Una rivoluzione culturale Il progetto di istituzione delle Aree sensibilizzerà anche l’opinione pubblica su un verità che i pescatori conoscono molto bene: il mare non è una risorsa infinita e inesauribile. E’ semmai un bene da amministrare con molta saggezza e con l’aiuto di regole che dovranno essere rispettate con implacabile severità. Basta, dunque, con le tecniche di pesca distruttive e sì al rispetto e all’uso intelligente dei metodi naturali di ripopolamento.

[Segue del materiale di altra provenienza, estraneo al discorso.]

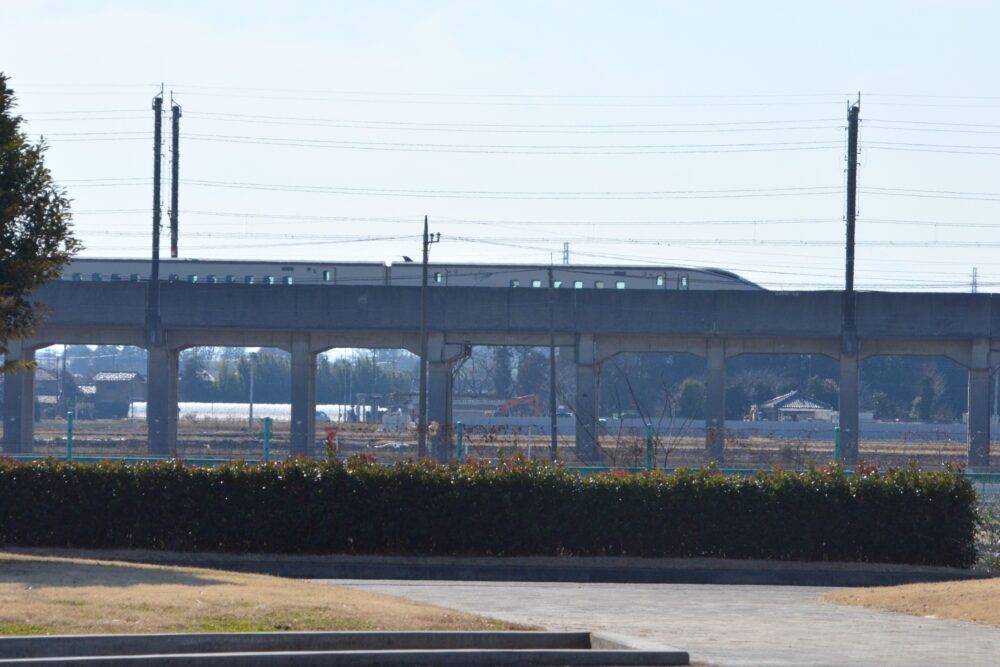 鴻巣市上谷総合公園親水広場から見る新幹線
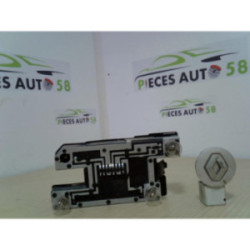 Platine feu arriere droit RENAULT CLIO 1 PHASE 2 d’occasion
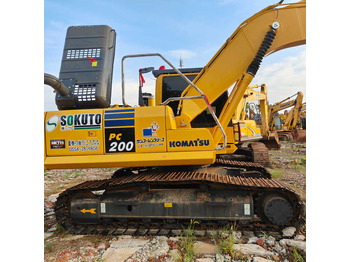 Pelle sur chenille KOMATSU PC200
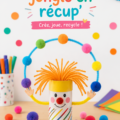 Un clown jonglant joyeusement avec des objets récupérés dans un cadre coloré.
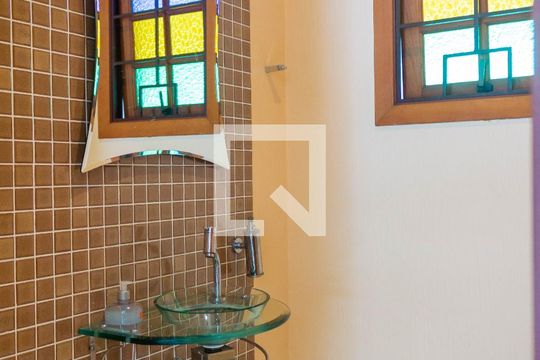 Lavabo de casa para alugar com 3 quartos, 700m² em Jardim Ipanema (zona Sul), São Paulo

«Ma attenzione- ha spiegato il professor Cau - non si creda che nelle aree di ripopolamento la pesca sia vietata in maniera assoluta. I concessionari delle aree stesse potranno prelevare le aragoste che avessero i requisiti richiesti dalle norme comunitarie. Bisogna fare, insomma, il ragionamento che si fa quando si colgono i fichi. Quelli che non si raccolgono quest’anno non potremmo certo mangiarli l’anno prossimo».

«Pensiamo - ha detto l’assessore Prato - che il ripopolamento dell’aragosta innescherà un circolo virtuoso che coinvolgerà tutta l’ittiofauna e quindi contribuirà a far tornare pescose le nostre coste, oggi gravemente depauperate. I costi del progetto, per i primi tre anni, saranno a totale carico del pubblico, poi la pesca in queste aree sarà regolamentata secondo determinate norme condivise dalle marinerie. L’intenzione è partire subito già dai primi di settembre con un’area test, che potrebbe essere quella di Castelsardo. A ruota seguiranno le altre in tutta l’Isola».